━━━ Data shown

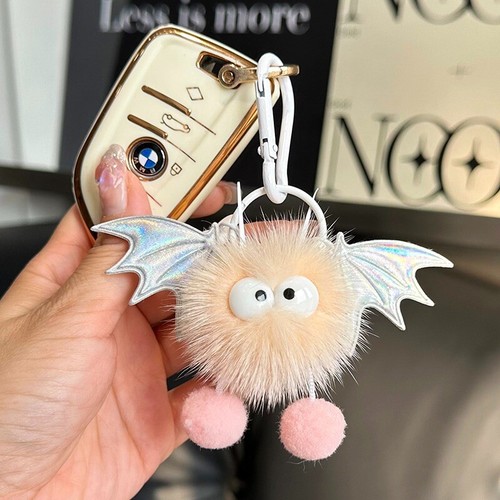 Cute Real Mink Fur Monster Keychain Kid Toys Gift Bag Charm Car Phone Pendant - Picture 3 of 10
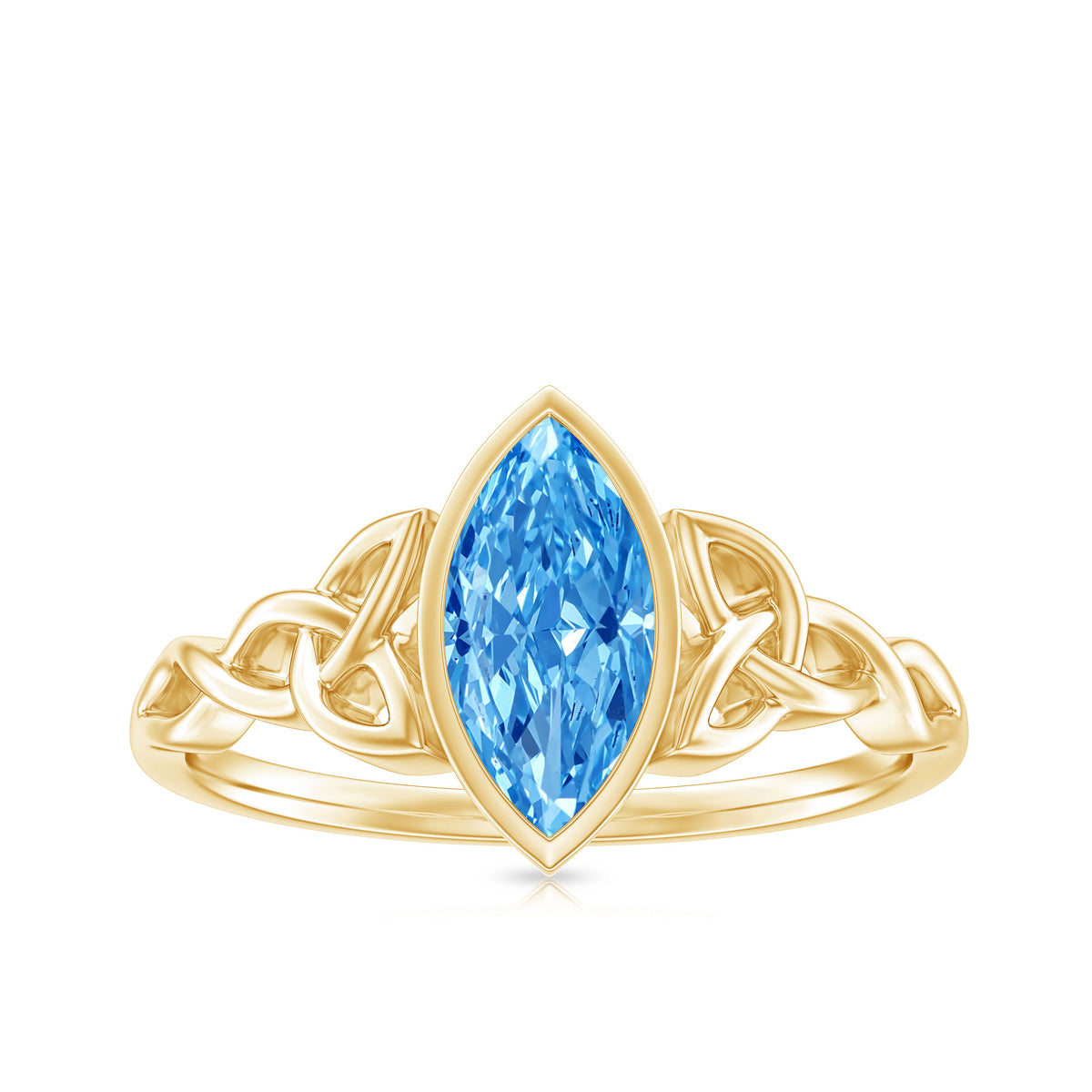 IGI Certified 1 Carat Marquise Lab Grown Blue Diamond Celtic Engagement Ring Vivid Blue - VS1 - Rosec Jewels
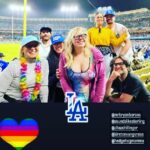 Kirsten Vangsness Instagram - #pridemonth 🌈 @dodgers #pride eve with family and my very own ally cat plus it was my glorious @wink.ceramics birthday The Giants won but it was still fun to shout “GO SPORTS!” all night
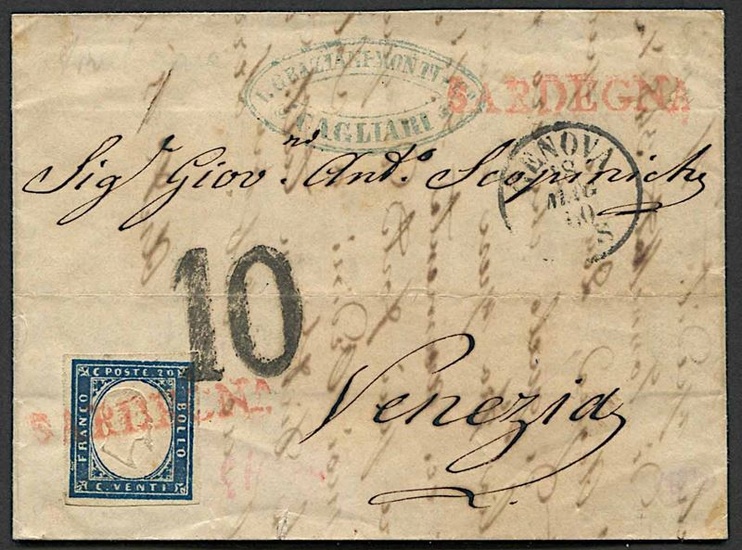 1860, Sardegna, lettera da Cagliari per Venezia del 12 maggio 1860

━━━━━━
━━━ Data shown

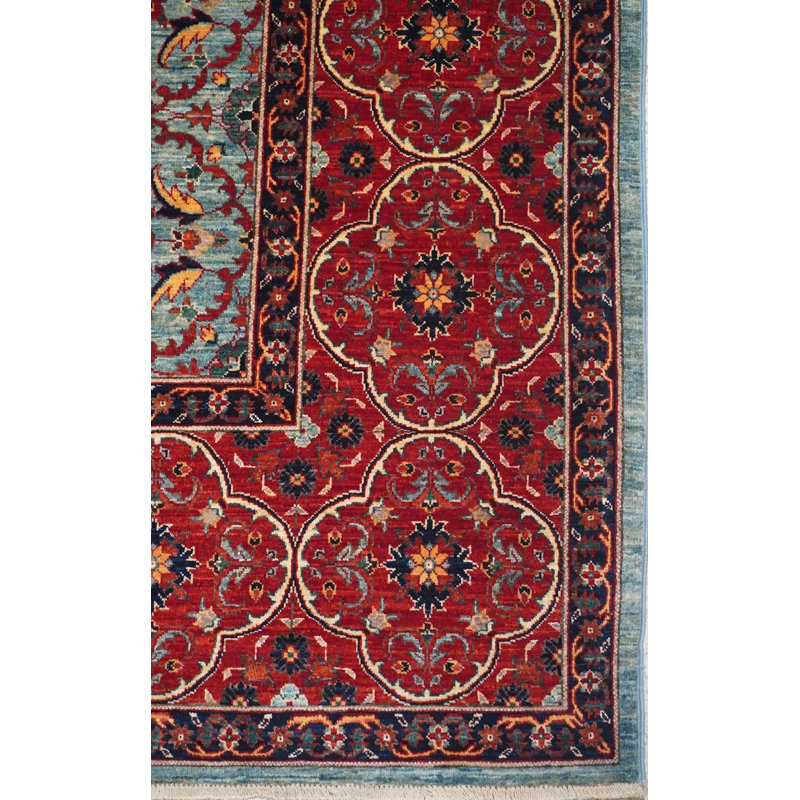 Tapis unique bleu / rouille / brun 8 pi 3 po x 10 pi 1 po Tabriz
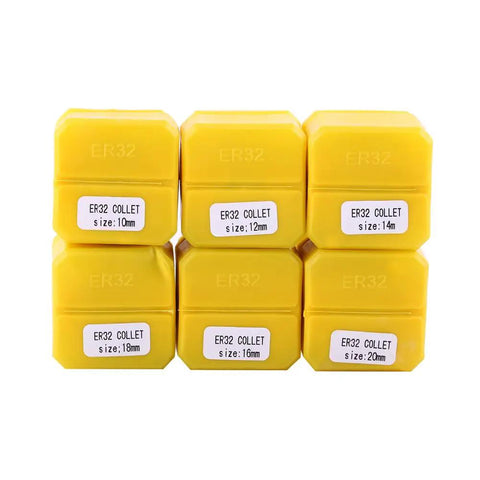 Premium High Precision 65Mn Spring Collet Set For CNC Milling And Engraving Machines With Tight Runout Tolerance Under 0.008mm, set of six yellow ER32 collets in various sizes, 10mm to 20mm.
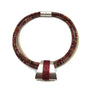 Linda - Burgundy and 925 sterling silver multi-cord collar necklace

━━━━━━

Please transcribe exactly the part of the records that opens with the line containing "IGI Certified 1" and closes with the line containing "1860, Sardegna, lettera", both ends included, and leave out the pictures.

Result of this task:
 IGI Certified 1 Carat Marquise Lab Grown Blue Diamond Celtic Engagement Ring Vivid Blue - VS1 - Rosec Jewels
 Kirsten Vangsness Instagram - #pridemonth 🌈 @dodgers #pride eve with family and my very own ally cat plus it was my glorious @wink.ceramics birthday The Giants won but it was still fun to shout “GO SPORTS!” all night
 1860, Sardegna, lettera da Cagliari per Venezia del 12 maggio 1860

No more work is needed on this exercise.